Biografia só com autorização
Toda esta celeuma, a respeito das “biografias não autorizadas”, não passa de mais um lance de
hipocrisia, como, aliás, quase tudo que acontece neste pobre País. É óbvio que
um dos mais importantes direitos, que a legislação pátria preserva, é o da
privacidade. Ninguém – a não ser os movidos por interesses espúrios – pode
aceitar que sua intimidade seja invadida, principalmente para tirar qualquer
proveito. Via de conseqüência, qualquer biografia impõe a prévia autorização do
biografado, não importando ser ele pessoa pública ou simples anônimo. Não tenho
dúvida de que o projeto de lei, tramitando no Congresso, objetivando
desproteger o direito à privacidade, se aprovado, sucumbirá no Supremo Tribunal
Federal, guardião dos direitos
fundamentais, esculpidos em nossa Constituição. O artista não pode ser
considerado um “homem público”, na
acepção técnica do termo, pelo simples motivo de que não exerce ele uma “função pública”. A manifestação
artística, subjetiva pela sua própria natureza, é colocada à disposição do
público, que a aceita ou não. Chico Buarque, por exemplo, elaborou um conjunto
de obras musicais. Há inúmeras pessoas – e eu me incluo dentre elas – que
apreciam seu trabalho e muitos os há que não apreciam. Zezé de Camargo e
Luciano elaboraram um conjunto de obras musicais. Há inúmeras pessoas que
apreciam seus trabalhos e muitos os há – como eu – que não apreciam.
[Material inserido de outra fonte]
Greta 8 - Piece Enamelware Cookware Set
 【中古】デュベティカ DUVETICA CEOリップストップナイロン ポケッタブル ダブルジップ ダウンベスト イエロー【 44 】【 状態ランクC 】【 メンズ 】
Analisar,
avaliar esses trabalhos é direito de qualquer um, mas apresentar a intimidade
de seus autores, onde e como vivem, seus amores e desamores, suas finanças etc,
só interessa a eles e, assim, tais informações para virem a público, há de
depender sempre da autorização deles. Querer compará-los a um Deputado cuja
intimidade deve ser devassada, já que são eles “representantes do povo” e esse tem o direito de conhecer, em toda
sua plenitude, seus representantes.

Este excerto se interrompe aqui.